(Your goal) Please copy all of the data that follows exactly, leaving any pictures out.

[[ Extracted data open ]]

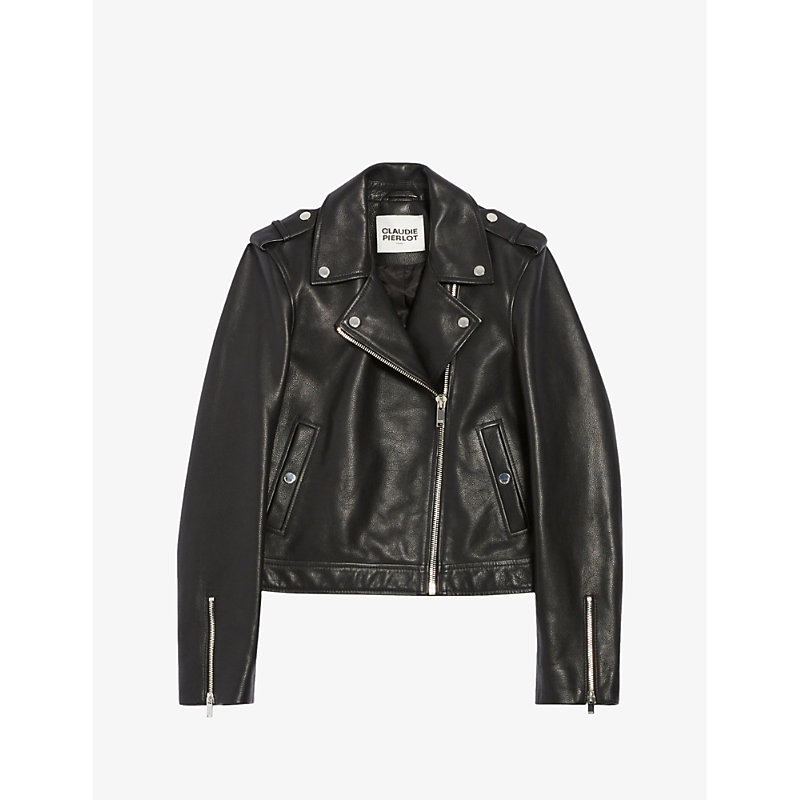 Claudie Pierlot Womens Noir / Gris Silver-tone-hardware Zip-embellished Regular-fit Leather Jacket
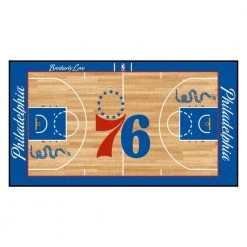 NBA Philadelphia 76ers Tan 3 ft. x 5 ft. Indoor Basketball Court Runner Rug by FANMATS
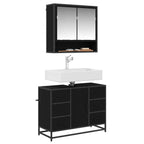Juego de muebles de baño 2 pcs Roble Negro Madera de ingeniería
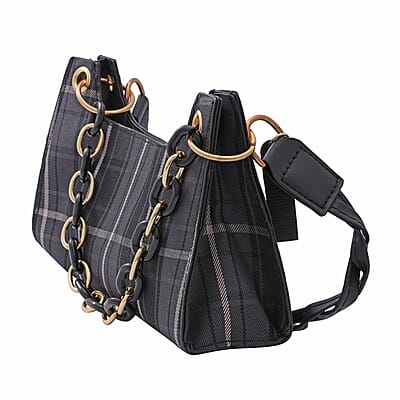Royal Siamese Black Color Check Pattern Faux Leather Mini Handbag for Women with Handle Drop and Shoulder Strap , Mini Shoulder Bag , Designer Bags , Ladies Purse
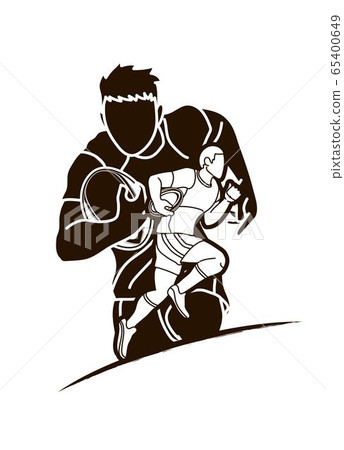 Group of Rugby players action cartoon sport graphic vector. 65400649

[[ Extracted data closed ]]

(Worked solution)
 Claudie Pierlot Womens Noir / Gris Silver-tone-hardware Zip-embellished Regular-fit Leather Jacket
 NBA Philadelphia 76ers Tan 3 ft. x 5 ft. Indoor Basketball Court Runner Rug by FANMATS
Juego de muebles de baño 2 pcs Roble Negro Madera de ingeniería
Royal Siamese Black Color Check Pattern Faux Leather Mini Handbag for Women with Handle Drop and Shoulder Strap , Mini Shoulder Bag , Designer Bags , Ladies Purse
 Group of Rugby players action cartoon sport graphic vector. 65400649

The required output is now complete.